Every line of the records that contains "kitchen" should be tallied, and only the resulting number returned.

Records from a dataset
++++++

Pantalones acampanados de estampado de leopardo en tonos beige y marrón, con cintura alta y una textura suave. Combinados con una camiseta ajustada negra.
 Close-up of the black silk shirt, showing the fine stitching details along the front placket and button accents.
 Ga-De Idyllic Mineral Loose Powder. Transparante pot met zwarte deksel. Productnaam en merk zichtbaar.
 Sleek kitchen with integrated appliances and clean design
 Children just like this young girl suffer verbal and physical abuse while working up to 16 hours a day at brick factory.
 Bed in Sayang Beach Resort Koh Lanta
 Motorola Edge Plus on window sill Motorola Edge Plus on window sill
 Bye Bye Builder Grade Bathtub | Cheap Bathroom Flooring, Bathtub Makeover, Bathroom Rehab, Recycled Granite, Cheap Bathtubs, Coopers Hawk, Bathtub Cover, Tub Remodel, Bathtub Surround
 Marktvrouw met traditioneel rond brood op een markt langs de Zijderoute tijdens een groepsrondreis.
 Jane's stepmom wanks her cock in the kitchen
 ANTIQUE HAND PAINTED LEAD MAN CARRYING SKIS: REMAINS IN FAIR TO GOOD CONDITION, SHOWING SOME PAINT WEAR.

++++++

▸ Result of the task
2